CGD Health Pvt. Ltd. Hyderabad, Telangana, India.
School of Statistics and Mathematics, Zhongnan University of Economics and Law, Wuhan, China.
Stud Health Technol Inform. 2024 Aug 22;316:719-723. doi: 10.3233/SHTI240515.
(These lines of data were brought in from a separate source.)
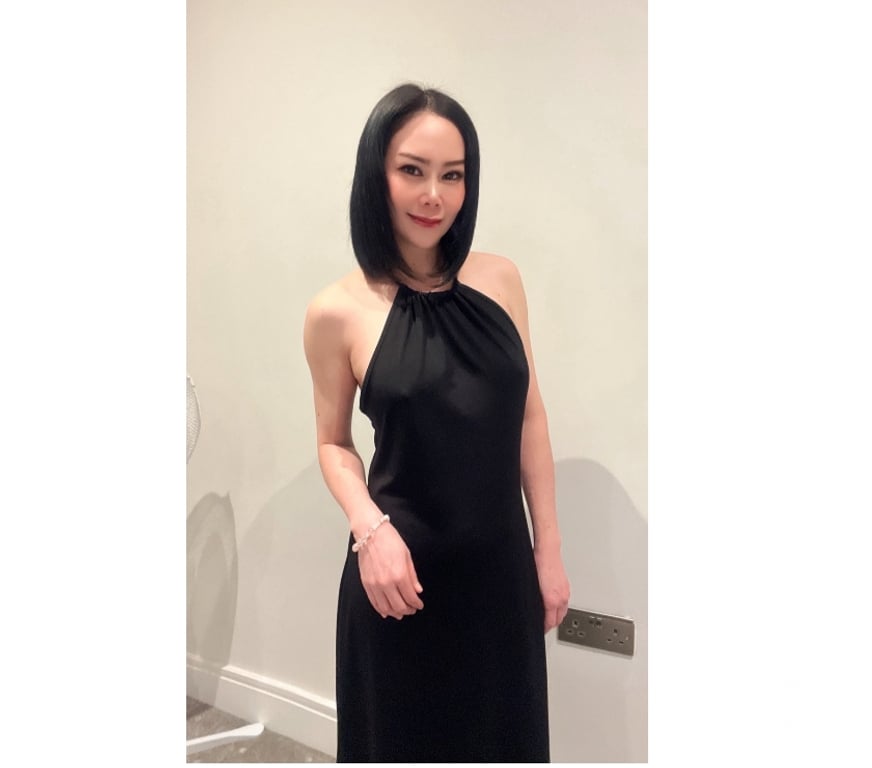 Escorts Hertfordshire Welwyn Hatfield - Photos for Racy Reya from 🇹🇭 Real pics & best service! 😘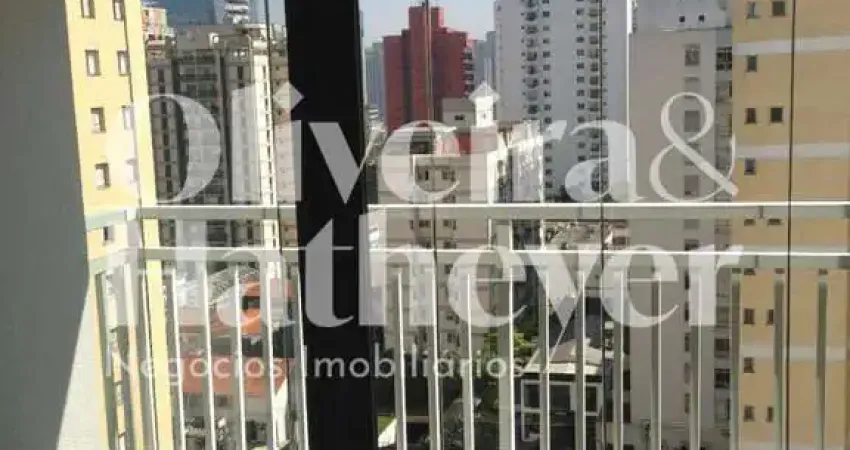 Apartamento com 3 quartos à venda na Rua Clodomiro Amazonas, 1346, Vila Nova Conceição, São Paulo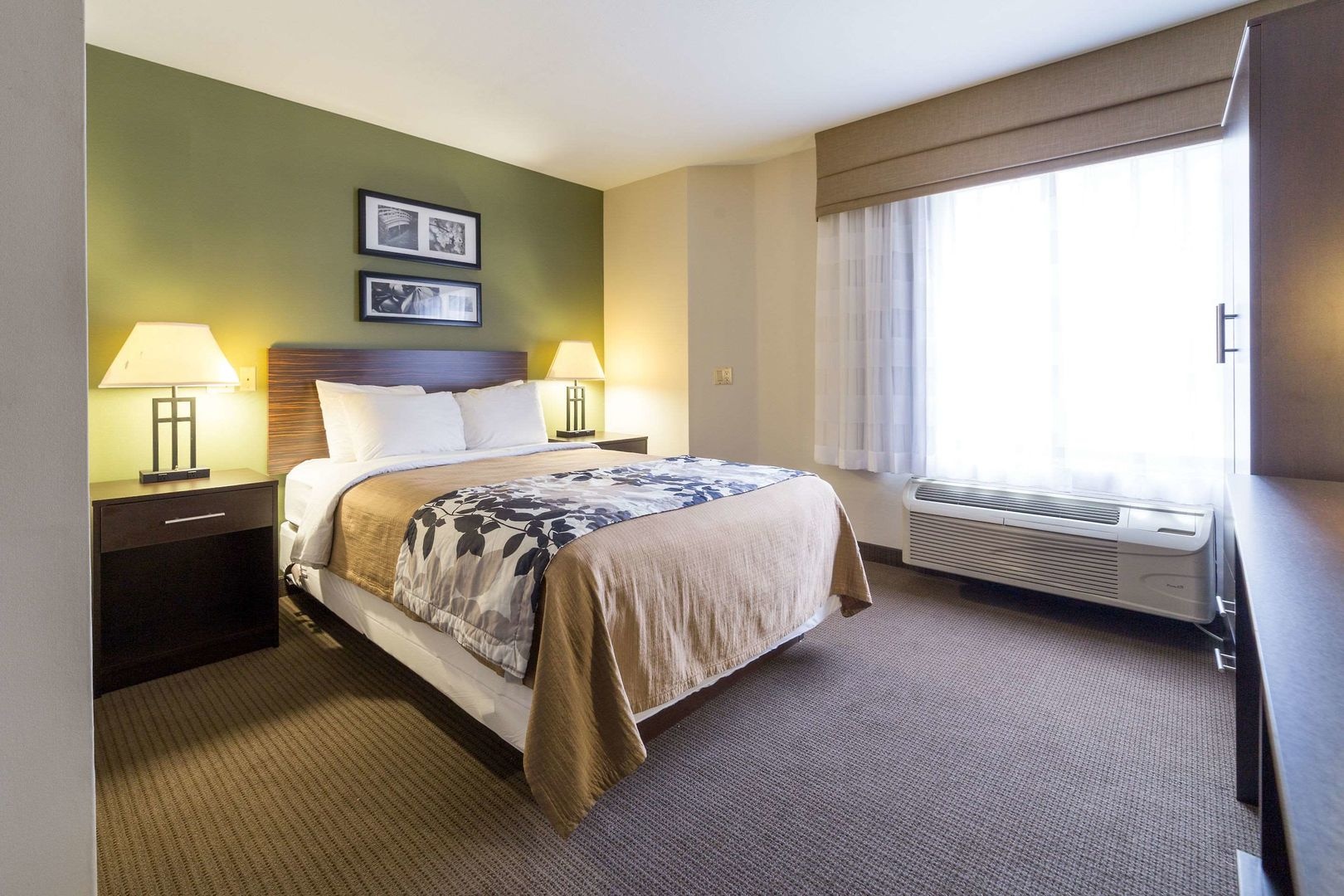 Foto - Sleep Inn Airport Phoenix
Automatic deidentification of Electronic Health Records (EHR) is a crucial step in secondary usage for biomedical research. This study introduces evaluation of an intricate hybrid deidentification strategy to enhance patient privacy in secondary usage of EHR. Specifically, this study focuses on assessing automatic deidentification using OpenDeID pipeline across diverse corpora for safeguarding sensitive information within EHR datasets by incorporating diverse corpora. Three distinct corpora were utilized: the OpenDeID v2 corpus containing pathology reports from Australian hospitals, the 2014 i2b2/UTHealth deidentification corpus with clinical narratives from the USA, and the 2016 CEGS N-GRID identification corpus comprising psychiatric notes. The OpenDeID pipeline employs a hybrid approach based on deep learning and contextual rules. Pre-processing steps involved harmonizing and addressing encoding and format issues. Precision, Recall, F-measure metrics were used to assess the performance. The evaluation metrics demonstrated the superior performance of the Discharge Summary BioBERT model. Trained on three corpora with a total of 4,038 reports, the best performing model exhibited robust deidentification capabilities when applied to EHR. It achieved impressive micro-averaged F1-scores of 0.9248 and 0.9692 for strict and relaxed settings, respectively. These results offer valuable insights into the model's efficacy and its potential role in safeguarding patient privacy in secondary usage of EHR.
电子健康记录 (EHR) 的自动去识别是生物医学研究二次利用的关键步骤。本研究介绍了一种复杂的混合去识别策略的评估,以增强 EHR 二次利用中的患者隐私。具体来说,本研究侧重于评估使用 OpenDeID 管道在不同语料库中进行的自动去识别,以通过合并不同的语料库来保护 EHR 数据集中的敏感信息。使用了三个不同的语料库:包含澳大利亚医院病理报告的 OpenDeID v2 语料库、来自美国的包含临床叙述的 2014 i2b2/UTHealth 去识别语料库以及包含精神科笔记的 2016 CEGS N-GRID 识别语料库。OpenDeID 管道采用基于深度学习和上下文规则的混合方法。预处理步骤包括协调和解决编码和格式问题。使用精度、召回率和 F 度量指标来评估性能。评估指标表明 Discharge Summary BioBERT 模型的性能更优。在三个语料库上进行训练,共有 4038 份报告,该最佳模型在应用于 EHR 时表现出强大的去识别能力。它在严格和宽松设置下分别实现了令人印象深刻的微平均 F1 得分为 0.9248 和 0.9692。这些结果提供了有关模型功效及其在保护 EHR 二次利用中患者隐私方面的潜在作用的有价值的见解。